MCP (Model Context Protocol)

A standard protocol that lets AI models safely connect to and use external tools. Think of it as a universal adapter that lets Claude use web search, databases, email, or custom applications.

See Also: Agent, API

Multimodal

An AI that can work with multiple types of input or output, like text, images, audio, and video all in one system. Multimodal models are more versatile than models that only handle text.

See Also: Foundation Model, Computer Vision

MMLU

Massive Multitask Language Understanding. A benchmark test with questions across 57 subjects (science, math, history, etc.). It's often used to measure how knowledgeable an AI is.

See Also: Benchmark, Evaluation

N

Neural Network

A computing system inspired by how brains work. It consists of connected nodes (artificial neurons) organized in layers. Neural networks are the foundation of modern AI.

See Also: Deep Learning, Parameter

NLP (Natural Language Processing)

The field of AI focused on understanding and generating human language. NLP powers everything from chatbots to language translation to text analysis.

See Also: LLM, Transformer

O

OpenAI

An AI research company that created GPT models and ChatGPT. OpenAI is one of the leading organizations advancing large language models.

See Also: ChatGPT, GPT

Orchestration

Coordinating multiple AI systems or steps to solve complex problems.

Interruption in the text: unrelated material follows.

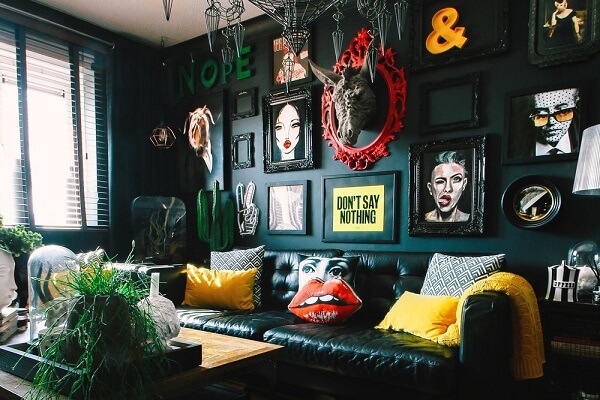 Transforme a decoração da sala com parede preta, quadros coloridos e sofá de couro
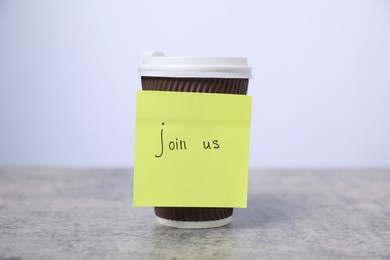 Photo of Sticky note with phrase Join Us and coffee on grey table, closeup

It's like conducting an orchestra—different instruments (different AI tools) play together to create a complete solution.

See Also: Agent, MCP

Overfitting

When an AI learns the training data too well, including its quirks and errors, so it performs poorly on new data. It's like memorizing answers instead of learning concepts.

See Also: Training Data, Fine-Tuning

P

Parameter

A number the AI learns during training that affects how it processes information. A model with billions of parameters is more powerful but also slower and more expensive to run.

See Also: Neural Network, Training Data

Perplexity (AI tool)

An AI search engine that combines web search with conversational AI. It provides answers with sources cited, making it useful for research and finding current information.

See Also: RAG, Grounding

Prompt

The input or instruction you give to an AI to get a response. A good prompt is clear, specific, and provides context. Prompts can be questions, commands, or examples.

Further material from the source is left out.